§ **Problem statement**
Your copy must hold all of the data below, unchanged and without images.

*** Opening of Given material ***

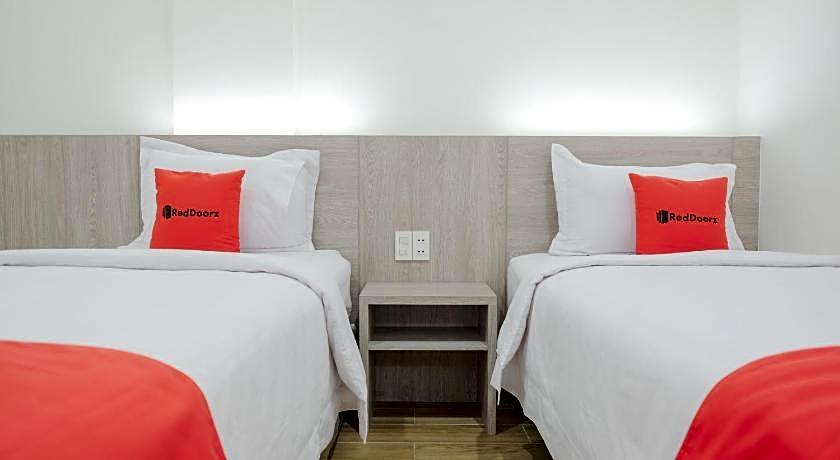 RedDoorz Plus @ Jalan Juanda Medan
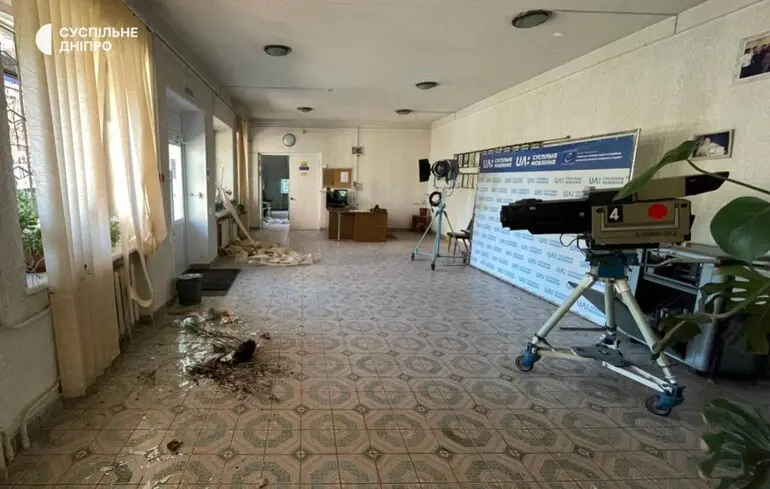 Une attaque russe endommage le bâtiment d'un média à Kryvyi Rih, plus de 50 vitres brisées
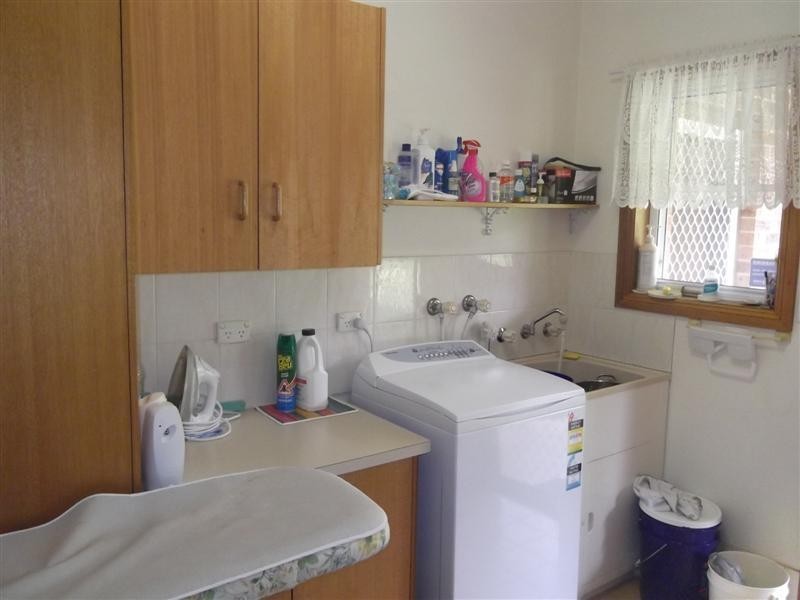 44 Dawson Drive, Cowra NSW 2794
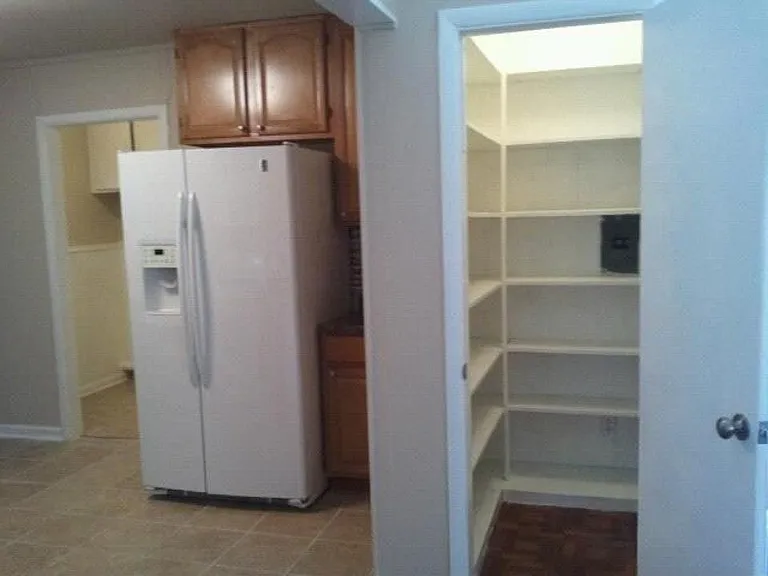 1011 Florence St — Photo 8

*** Close of Given material ***

§ **Answer to the exercise**
 RedDoorz Plus @ Jalan Juanda Medan
 Une attaque russe endommage le bâtiment d'un média à Kryvyi Rih, plus de 50 vitres brisées
 44 Dawson Drive, Cowra NSW 2794
 1011 Florence St — Photo 8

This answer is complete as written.